> **EXERCISE DESCRIPTION**: Once the line containing "Curly Baby Entwirrer, Shampoo" is found in the records below, return it and each following line exactly, up to and including the line containing "Menu de mariage", and nothing else.
Start of MATERIAL TO PROCESS
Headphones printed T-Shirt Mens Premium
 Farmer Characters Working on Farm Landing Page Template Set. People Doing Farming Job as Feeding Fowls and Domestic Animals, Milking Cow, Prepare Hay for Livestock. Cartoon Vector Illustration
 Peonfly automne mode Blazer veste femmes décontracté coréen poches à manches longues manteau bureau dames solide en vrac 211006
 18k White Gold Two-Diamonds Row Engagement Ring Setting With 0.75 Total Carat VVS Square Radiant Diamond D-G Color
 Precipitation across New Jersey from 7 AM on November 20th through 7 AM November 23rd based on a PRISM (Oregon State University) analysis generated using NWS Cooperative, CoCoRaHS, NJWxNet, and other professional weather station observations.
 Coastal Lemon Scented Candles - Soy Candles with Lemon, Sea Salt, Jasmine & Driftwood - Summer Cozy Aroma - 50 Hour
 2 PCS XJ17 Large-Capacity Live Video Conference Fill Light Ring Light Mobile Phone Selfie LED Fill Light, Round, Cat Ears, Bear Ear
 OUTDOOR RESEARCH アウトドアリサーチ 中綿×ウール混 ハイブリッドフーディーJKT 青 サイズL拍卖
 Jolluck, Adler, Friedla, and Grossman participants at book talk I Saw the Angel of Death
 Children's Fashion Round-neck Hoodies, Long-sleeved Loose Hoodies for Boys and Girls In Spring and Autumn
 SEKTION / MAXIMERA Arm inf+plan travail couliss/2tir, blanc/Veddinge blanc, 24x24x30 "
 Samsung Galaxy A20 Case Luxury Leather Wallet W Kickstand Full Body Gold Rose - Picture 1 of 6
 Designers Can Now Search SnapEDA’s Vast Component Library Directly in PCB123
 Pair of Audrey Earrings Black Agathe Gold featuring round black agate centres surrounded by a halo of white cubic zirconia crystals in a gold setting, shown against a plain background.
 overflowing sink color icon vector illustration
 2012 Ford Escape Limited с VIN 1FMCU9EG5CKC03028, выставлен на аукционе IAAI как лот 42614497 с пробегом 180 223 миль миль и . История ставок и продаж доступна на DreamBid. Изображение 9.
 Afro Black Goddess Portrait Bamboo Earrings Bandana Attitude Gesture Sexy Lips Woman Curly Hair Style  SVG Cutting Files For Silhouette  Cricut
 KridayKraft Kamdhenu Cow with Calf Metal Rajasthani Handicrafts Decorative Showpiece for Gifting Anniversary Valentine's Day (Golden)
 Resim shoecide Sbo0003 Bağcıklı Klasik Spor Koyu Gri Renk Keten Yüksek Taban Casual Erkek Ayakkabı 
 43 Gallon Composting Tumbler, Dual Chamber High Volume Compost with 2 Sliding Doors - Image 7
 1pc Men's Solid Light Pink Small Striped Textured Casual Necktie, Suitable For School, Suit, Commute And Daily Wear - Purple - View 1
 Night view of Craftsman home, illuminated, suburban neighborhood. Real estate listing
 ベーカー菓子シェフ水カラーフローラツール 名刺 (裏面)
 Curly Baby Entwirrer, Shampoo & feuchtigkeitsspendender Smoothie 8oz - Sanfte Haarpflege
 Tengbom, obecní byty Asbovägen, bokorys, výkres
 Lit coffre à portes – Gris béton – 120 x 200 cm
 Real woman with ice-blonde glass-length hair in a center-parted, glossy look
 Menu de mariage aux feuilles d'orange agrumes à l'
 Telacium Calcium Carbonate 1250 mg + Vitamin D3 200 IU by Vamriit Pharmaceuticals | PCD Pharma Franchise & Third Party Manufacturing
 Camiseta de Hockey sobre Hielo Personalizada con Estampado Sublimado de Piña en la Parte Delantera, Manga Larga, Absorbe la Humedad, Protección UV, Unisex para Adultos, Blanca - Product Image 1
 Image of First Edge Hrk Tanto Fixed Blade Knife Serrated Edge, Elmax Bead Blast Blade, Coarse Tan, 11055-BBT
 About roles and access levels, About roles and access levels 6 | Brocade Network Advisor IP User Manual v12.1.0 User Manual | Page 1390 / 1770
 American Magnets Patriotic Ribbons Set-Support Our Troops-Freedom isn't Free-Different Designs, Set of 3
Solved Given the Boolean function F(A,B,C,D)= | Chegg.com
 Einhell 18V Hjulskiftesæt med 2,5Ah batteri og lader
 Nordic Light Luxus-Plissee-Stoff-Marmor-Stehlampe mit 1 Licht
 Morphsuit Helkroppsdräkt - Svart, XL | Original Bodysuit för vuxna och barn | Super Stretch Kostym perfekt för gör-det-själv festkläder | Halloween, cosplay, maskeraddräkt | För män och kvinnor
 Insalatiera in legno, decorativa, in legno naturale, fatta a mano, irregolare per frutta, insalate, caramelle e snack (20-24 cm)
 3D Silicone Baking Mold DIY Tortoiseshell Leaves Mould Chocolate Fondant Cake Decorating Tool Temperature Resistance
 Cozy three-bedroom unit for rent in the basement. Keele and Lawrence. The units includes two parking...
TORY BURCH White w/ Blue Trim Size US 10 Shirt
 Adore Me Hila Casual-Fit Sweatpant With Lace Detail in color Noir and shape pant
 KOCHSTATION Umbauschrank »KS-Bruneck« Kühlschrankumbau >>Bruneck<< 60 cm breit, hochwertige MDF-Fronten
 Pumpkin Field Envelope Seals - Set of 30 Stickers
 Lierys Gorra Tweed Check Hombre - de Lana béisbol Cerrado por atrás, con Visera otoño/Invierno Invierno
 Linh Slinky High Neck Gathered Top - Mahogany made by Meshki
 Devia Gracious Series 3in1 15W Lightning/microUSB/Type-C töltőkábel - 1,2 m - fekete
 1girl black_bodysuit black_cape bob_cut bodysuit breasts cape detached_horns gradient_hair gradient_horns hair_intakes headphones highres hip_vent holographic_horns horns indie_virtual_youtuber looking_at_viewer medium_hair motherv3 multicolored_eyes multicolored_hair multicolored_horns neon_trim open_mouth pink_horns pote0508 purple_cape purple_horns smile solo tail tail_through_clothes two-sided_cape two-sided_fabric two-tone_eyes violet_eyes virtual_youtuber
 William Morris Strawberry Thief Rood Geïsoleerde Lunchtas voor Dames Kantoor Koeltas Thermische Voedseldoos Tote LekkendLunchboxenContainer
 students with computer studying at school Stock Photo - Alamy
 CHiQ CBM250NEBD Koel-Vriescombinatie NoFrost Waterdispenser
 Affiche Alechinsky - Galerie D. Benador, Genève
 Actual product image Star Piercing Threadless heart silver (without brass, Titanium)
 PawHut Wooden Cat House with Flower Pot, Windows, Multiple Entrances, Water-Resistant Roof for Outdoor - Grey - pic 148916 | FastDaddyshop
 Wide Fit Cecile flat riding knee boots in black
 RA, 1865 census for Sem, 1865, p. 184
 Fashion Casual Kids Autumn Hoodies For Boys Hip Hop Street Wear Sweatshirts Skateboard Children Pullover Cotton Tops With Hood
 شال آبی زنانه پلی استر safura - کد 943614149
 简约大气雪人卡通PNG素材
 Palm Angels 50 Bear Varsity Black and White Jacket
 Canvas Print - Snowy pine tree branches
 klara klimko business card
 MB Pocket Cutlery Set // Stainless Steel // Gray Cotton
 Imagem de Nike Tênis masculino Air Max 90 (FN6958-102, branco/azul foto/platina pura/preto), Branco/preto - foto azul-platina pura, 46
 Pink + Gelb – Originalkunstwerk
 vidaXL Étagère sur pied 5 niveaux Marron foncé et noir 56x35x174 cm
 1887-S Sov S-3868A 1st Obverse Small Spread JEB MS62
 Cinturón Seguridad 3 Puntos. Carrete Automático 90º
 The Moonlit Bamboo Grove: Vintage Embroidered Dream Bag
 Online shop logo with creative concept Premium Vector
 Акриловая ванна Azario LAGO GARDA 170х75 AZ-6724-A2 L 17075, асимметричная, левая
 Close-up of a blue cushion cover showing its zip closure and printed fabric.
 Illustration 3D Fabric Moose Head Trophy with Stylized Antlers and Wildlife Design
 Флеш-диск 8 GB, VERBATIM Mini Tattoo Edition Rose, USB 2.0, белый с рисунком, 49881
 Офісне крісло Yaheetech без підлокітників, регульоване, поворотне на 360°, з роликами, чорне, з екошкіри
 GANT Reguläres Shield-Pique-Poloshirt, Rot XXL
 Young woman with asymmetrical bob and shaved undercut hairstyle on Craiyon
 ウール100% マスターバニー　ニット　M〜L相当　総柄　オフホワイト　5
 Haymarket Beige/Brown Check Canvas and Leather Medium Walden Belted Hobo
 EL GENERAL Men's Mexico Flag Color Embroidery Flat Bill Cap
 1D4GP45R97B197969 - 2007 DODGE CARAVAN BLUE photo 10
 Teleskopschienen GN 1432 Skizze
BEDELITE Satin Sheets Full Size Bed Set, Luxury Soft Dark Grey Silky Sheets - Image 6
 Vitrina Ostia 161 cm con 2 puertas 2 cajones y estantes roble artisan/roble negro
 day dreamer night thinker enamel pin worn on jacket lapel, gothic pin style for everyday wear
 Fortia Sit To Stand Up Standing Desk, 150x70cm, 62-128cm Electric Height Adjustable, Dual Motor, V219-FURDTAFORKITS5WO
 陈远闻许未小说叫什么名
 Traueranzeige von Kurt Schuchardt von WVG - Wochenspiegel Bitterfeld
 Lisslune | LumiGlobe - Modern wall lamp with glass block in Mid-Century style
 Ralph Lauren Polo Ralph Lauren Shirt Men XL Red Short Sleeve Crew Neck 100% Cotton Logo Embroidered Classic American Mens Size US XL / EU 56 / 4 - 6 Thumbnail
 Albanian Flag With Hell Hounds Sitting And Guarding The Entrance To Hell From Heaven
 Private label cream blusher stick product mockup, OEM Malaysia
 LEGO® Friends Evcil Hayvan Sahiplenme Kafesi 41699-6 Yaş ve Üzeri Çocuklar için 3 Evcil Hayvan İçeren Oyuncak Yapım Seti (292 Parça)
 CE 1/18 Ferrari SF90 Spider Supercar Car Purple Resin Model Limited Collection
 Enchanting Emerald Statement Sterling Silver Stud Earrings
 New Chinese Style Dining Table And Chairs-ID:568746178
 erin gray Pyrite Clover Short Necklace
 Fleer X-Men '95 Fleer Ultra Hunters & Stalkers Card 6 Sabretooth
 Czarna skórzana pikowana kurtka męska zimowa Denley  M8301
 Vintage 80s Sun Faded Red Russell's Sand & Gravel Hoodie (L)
End of MATERIAL TO PROCESS
> **OUTPUT**:
 Curly Baby Entwirrer, Shampoo & feuchtigkeitsspendender Smoothie 8oz - Sanfte Haarpflege
 Tengbom, obecní byty Asbovägen, bokorys, výkres
 Lit coffre à portes – Gris béton – 120 x 200 cm
 Real woman with ice-blonde glass-length hair in a center-parted, glossy look
 Menu de mariage aux feuilles d'orange agrumes à l'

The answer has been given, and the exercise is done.